ISLAMABAD: The Competition Commission of Pakistan (CCP) has passed an order in favour of Hi-Tech Lubricants Limited deciding a two-year-old complaint made by Chevron Pakistan Lubricants (Pvt) Limited against advertising claims made by Hi-Tech for its products under the brand name “Zic.”
Chevron Pakistan Lubricants (Pvt) Limited, which trades under the Caltex brand in Pakistan, had complained to the CCP in mid-2018 alleging that certain marketing and advertising claims made by Hi-Tech for their lubricant products under the brand name, Zic, were deceptive and in violation of Section 10 of the Competition Act, 2010.
Chevron, the competitor in question, had claimed that choice of words such as, “behtreen” in Hi-Tech’s marketing claims had created unsubstantiated impression of comparison between Zic and the competing products, said a press release issued by Ministry of Commerce here on Saturday.
The CCP’s enquiry report from Feb, 2019 had initially found certain claims of Hi-Tech carrying the Urdu words, “behtar” and “behtreen” without any reasonable basis and in prima facie violation of Section 10 of the Competition Act. On the inquiry’s recommendations, a show-cause notice was issued to Hi-Tech and hearings were held in the matter.
Taking into consideration and analysing the arguments from both sides and in light of the Commission’s previous judgments and the case law from other jurisdictions i.e. America, Australia, and India, the bench decided that the above-mentioned claims made by Hi-Tech for promoting its products fell under the category of advertsing puffery.

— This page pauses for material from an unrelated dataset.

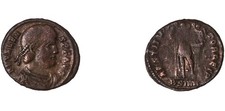 Coin Roman Empire Valens 364 A.D.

Advertising puffery is defined as advertising or promotional material that makes broad exaggerated or boastful statements about a product or service that are subjective (or a matter of opinion), rather than objective (something that is measurable), and that which no reasonable person would presume to be literally true. Puffery claims are generally allowed world over and does not warrant enforcement action by the competition agencies, provided that they are not materially misleading.
Moreover, the bench accepted the respondents’ arguments that the Urdu word “behtreen” also carrying other meanings such as “alaa”, “umdah” or “mumtaz” indicates that the term “behtreen” is general and vague, and not absolute as was alleged by the complainant.

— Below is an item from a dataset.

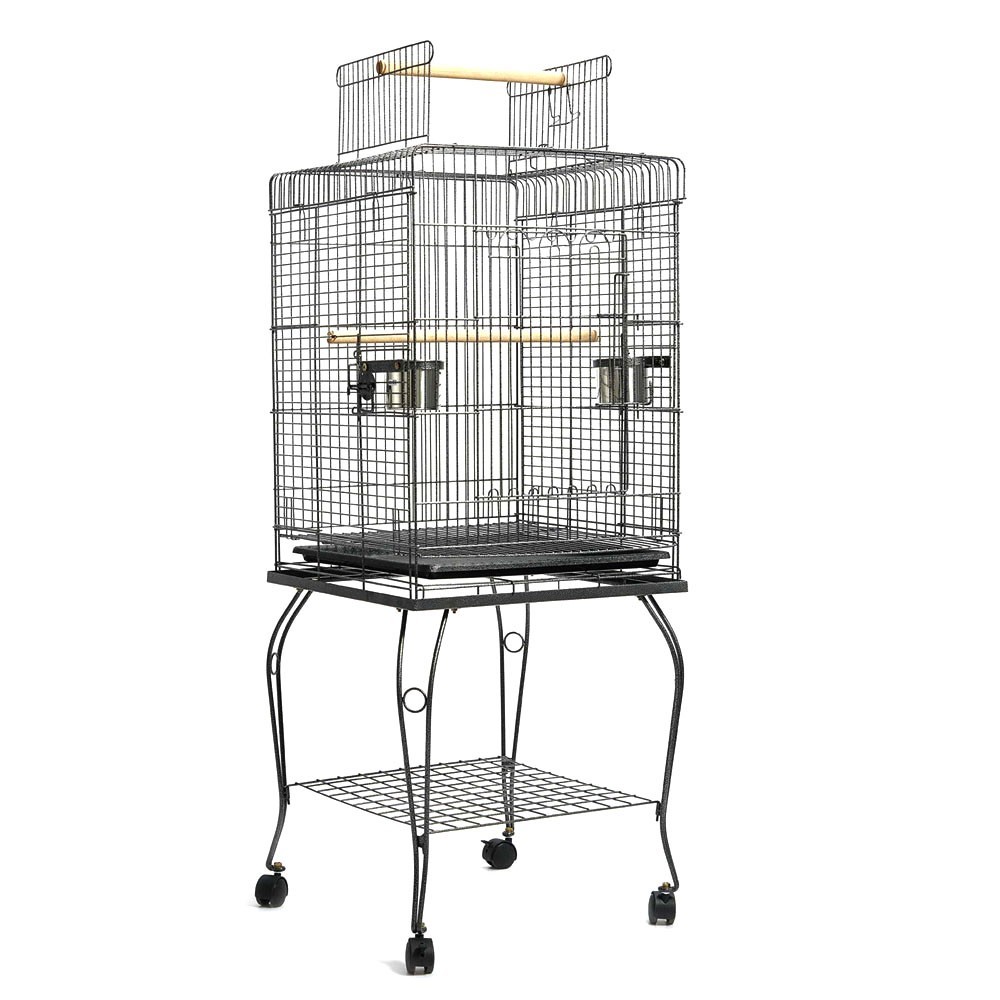 V278-PC128-85658-00 YES4PETS 148 cm Pet Bird Cage Parrot Canary Aviary - Image 1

Furthermore, the term “behtreen” is not the correct translation of the word “best” in English, which is an absolute term.
Hence, the Bench decideded that only the claims, which are objective, quantifiable and capable of substantiation in terms of characteristics of the products advertised would be actionable under Section 10 of the Act.
Based upon aforesaid reason and in view of the net general impression caused
by the claims, the Bench set aside its own enquiry report and disposed of show-cause notices issued to Hi-Tech.